|
I'm failing to understand some things, maybe because I glanced through the paper with morning coffee. Apology if my tone ends up a little bit harsh, but these are just constructive criticism :) The first one is lt2 and lt3 implementations. You are implementing cmp2 through lt2, but lt3 through cmp3 (is this omission?). Both of them are stack-sensitive. Without being too harsh, I'm getting the impression that the intention was to write the most horrible comparison possible, which is different than worst-case time complexity. In the paper, lt2 (actually cmp2 in the paper) will always be at least two passes, and lt3 is at least one pass. I would not say they are two/single pass algorithms because complexity increases depending on list depth when lists are involved. Maybe I'm wrong, but both Python and C++ comparison operators are designed to be general-purpose comparison functions (and I'm more sure about C++, because this was touted through hundreds of books). As such, they should be good enough for most average cases. If you want speed, you go with balanced trees or something funkier. Also, for C++ Tree implementation, you are again using probably the worst approach - appending to vector recursively. Use list for this. Python list implements all sorts of tricks, comparing to C++ vector. And the last thing, but not the least: C++ containers depend on implementation (gcc libstdc++, stlport, msvc whatever), and I've seen substantial speed differences in standard operations. Hell, my old (almost conforming) list implementation was much faster than libstdc++ implementation because it wasn't trying to be too clever with slices and other magic. I'm sad you haven't used a more scientific approach with much more rigor here: what C++ compiler was used, what version, what assembly output was produced, on what processor, after how many runs, etc... Claiming "Python is faster than C++" sounds like a clickbait title. |
The context to keep in mind when reading the paper is: When designing a programming language & its standard library (or any API), we need to define an interface we can use as a building block, and we're analyzing the consequences of our choice of building blocks. In particular, we first examine the case of comparison-based data structures, which requires defining ordering primitives. In C++, the primitive is the < operator. In Python 2, it's cmp(). (In Python 3, it's a mix of < and ==, whose implications I discuss as well.) We assume user-provided types implement that basic interface, and we implement everything else we need on top of that.

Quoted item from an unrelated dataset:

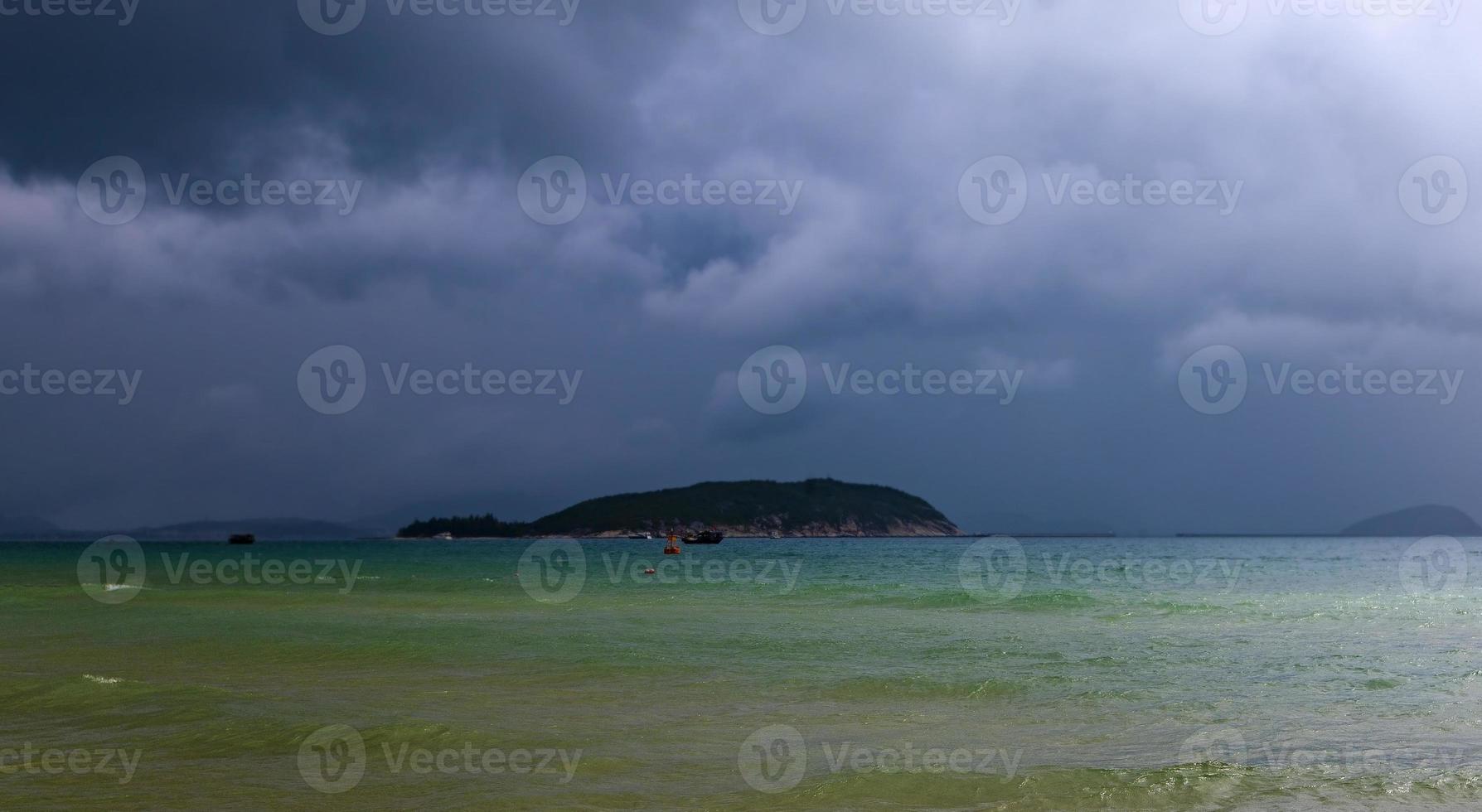 den dramatiska mörka molniga himlen över havet, naturlig fotobakgrund foto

So the question I'm analyzing in that example is: What happens if my primitive comparison operation is a 2-way comparison (lt(), like in C++) and then I implement 3-way comparison in terms of that (such as when I need it for for a binary search tree)? Now, what if we do the opposite: what happens if instead my primitive comparison operation is a 3-way comparison (cmp(), like in Python 2) and I only need to perform a 2-way comparison later? What are the trade-offs?
To do this, I take both approaches, implementing each in terms of the other, and compare how they behave complexity-wise. The conclusion I come to is that the choice of the primitive (which is often made by the language designers) isn't merely a question of aesthetics, but rather, it actually affects the time complexity of common operations (like traversing search trees). Similarly, the decision to cache a hash code doesn't just result in a constant-factor improvement, but it can actually change the time complexity of a program. And so on.
I think if you re-read the paper with these in mind, it should hopefully make more sense. The rest of what you said doesn't enter the picture at all... these are already balanced binary trees, the decision to use less<> is fundamentally independent of what C++ stdlib implementation you use, and the time of the vector concatenation isn't even being measured. Those things are unrelated to the point of the paper entirely. I was just trying to minimize the extraneous lines of code so we can focus on the heart of the problem instead of getting distracted by boilerplate.